Motor

Nadie esperaba encontrar esto al volante tras una persecución a más de 200 km/h 

Nadie esperaba encontrar esto al volante tras una persecución a más de 200 km/h 
Avatar
  • Publishedabril 9, 2026



Más que 200 kilómetros por hora, Cualquier coche se convierte en una amenaza difícil de predecir. Esto es lo que pensaron los agentes al detectar una silueta deportiva avanzando a una velocidad muy superior a la permitida. No había nada que hiciera sospechar de él. la intervención terminaría siendo completamente diferente a los habituales.

La escena tenía todos los ingredientes de una violación graveActivado por radar, vehículo de altas prestaciones e intervención inmediata. Sin embargo, lo que parecía un caso más de conducción imprudente acabó dejando a la gente sin palabras. Imagen difícil de olvidar.

una persecucion

Todo empezó en una carretera del oeste Francia, en un tramo donde la velocidad estaba limitada a unos 100 km/h. En ese punto, el detectado por radar un auto conduciendo 228 kilómetros por horaFigura que activó automáticamente la unidad de intervención rápida.

Para interceptarlo, los agentes utilizaron un Alpine A110, un deportivo de altas prestaciones, capaz de mantener el ritmo en situaciones extremas. EL persecución Aunque duró varios kilómetros. sin maniobras bruscas ni intentos de fuga. El conductor acabó deteniéndose voluntariamente en una zona señalizada.

un auto deportivo

El vehículo en cuestión no era un vehículo cualquiera. Se trataba de un Porsche 911 GT3, una de las versiones más radicales del icónico deportivo alemán. Debajo del capó, un motor de aspiración natural. 510 CV, capaz de superar los 300 km/h y ofrecer servicios específicos para el circuito.

Este modelo destaca por su precisión, su capacidad de aceleración y comportamiento Diseñado para una conducción deportiva exigente. Aunque está homologado para su uso en carretera, su planteamiento lo aleja del uso cotidiano convencional. No es un coche diseñado para ir despacio.aunque lo ocurrido en este caso fue mucho más allá de lo habitual.

El Porsche 911 GT3 desarrolla 510 CV.

La sorpresa llegó cuando abrí la puerta.

Los agentes se acercaron al coche esperando encontrar un perfil específico: Conductor joven, quizás experto en conducción deportiva o, en todo caso, acostumbrado a este tipo de vehículos. Sin embargo, La realidad era completamente diferente.
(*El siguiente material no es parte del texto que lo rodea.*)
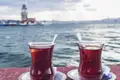 Teepausen gehören bei unserer Gruppenreise durch Istanbul und den Westen der Türkei einfach dazu - mal mit Ausblick, mal in einem Teehaus mitten unter den Menschen.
Había una mujer al volante. 92 añosAspecto frágil pero completamente brillante. La escena desconcertó a los agentes, que revisaron la documentación varias veces para asegurarse de que no hubiera errores.

“Me gusta conducir rápido”

Durante la identificación, el conductor No mostró nerviosismo ni preocupación. De lo contrario, Él respondió con naturalidad e incluso con algo de humor. Según los agentes, explicó que su amor por la velocidad venía de lejos.

Su marido, fallecido hace años, había sido un gran aficionado a los coches deportivos y fue él quien le transmitió esa pasión. Desde entonces había mantenido la hábito de conducir vehículos potentes, disfrutando de la sensación de velocidad. «Me gusta conducir rápido», dijo a los oficiales.

Sanción

Más allá de la anécdota, La violación tuvo consecuencias inmediatas. Las autoridades han impuesto una multa por exceso de velocidad grave, lo que implica una multa elevada y retiro de puntos del permiso de conducir.

Además, el vehículo fue inmovilizado y trasladado a unidades administrativas a la espera de decisión judicial. Este tipo de infracciones, especialmente cuando superan ampliamente los límites establecidos, pueden resultar suspensiones temporales del permiso y medidas aún más severas.

Estereotipos

Situaciones como ésta no son comunes, pero demuestran que el perfil del infractor de tránsito es mucho más diverso de lo que normalmente se piensa. Aunque el exceso de velocidad está estadísticamente asociado con los conductores jóvenes, Episodios como este desmantelan esa percepción simplista..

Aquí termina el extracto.